Sometimes a site will include a button or other UI element to choose a light theme but I find it odd that so many sites which are presumed to be designed by technically competent people, completely ignore accessibility concerns.
embedding-shape 56 minutes ago [-]
Do you sit in a bright room? Right now, during the night, I see your comment like this: https://i.imgur.com/c7fmBns.png, but during the day when the room is bright, I also see everything with light themes/background colors, otherwise it is indeed hard to see properly.
kleiba 32 minutes ago [-]
Unfortunately, in my case, it's not a matter of lighting conditions.
alexc05 49 minutes ago [-]
this is really exciting and dovetails really closely with the project I'm working on.
I'm writing a language spec for an LLM runner that has the ability to chain prompts and hooks into workflows.
I'm writing the tool as proof of the spec. Still very much a pre-alpha phase, but I do have a working POC in that I can specify a series of prompts in my YAML language and execute the chain of commands in a local agent.
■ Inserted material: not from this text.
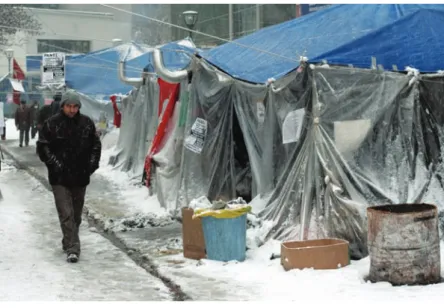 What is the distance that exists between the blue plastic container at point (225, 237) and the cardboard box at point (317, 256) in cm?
74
One of the "key steps" that I plan on designing is specifically an invocation interceptor. My underlying theory is that we would take whatever random series of prose that our human minds come up with and pass it through a prompt refinement engine:
> Clean up the following prompt in order to convert the user's intent
> into a structured prompt optimized for working with an LLM
> Be sure to follow appropriate modern standards based on current
> prompt engineering reasech. For example, limit the use of persona
> assignment in order to reduce hallucinations.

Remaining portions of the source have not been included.